• **WHAT THE TASK ASKS**
Return the data that follows exactly. Include every line.

• **EXERCISE MATERIALS**

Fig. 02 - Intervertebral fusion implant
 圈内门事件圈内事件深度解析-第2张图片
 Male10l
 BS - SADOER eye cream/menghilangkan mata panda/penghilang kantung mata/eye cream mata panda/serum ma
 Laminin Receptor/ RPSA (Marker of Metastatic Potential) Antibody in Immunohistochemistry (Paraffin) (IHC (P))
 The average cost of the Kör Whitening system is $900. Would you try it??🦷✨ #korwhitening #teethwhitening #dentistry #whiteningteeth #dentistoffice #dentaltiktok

• **ANSWER SECTION**
Fig. 02 - Intervertebral fusion implant
 圈内门事件圈内事件深度解析-第2张图片
 Male10l
 BS - SADOER eye cream/menghilangkan mata panda/penghilang kantung mata/eye cream mata panda/serum ma
 Laminin Receptor/ RPSA (Marker of Metastatic Potential) Antibody in Immunohistochemistry (Paraffin) (IHC (P))
 The average cost of the Kör Whitening system is $900. Would you try it??🦷✨ #korwhitening #teethwhitening #dentistry #whiteningteeth #dentistoffice #dentaltiktok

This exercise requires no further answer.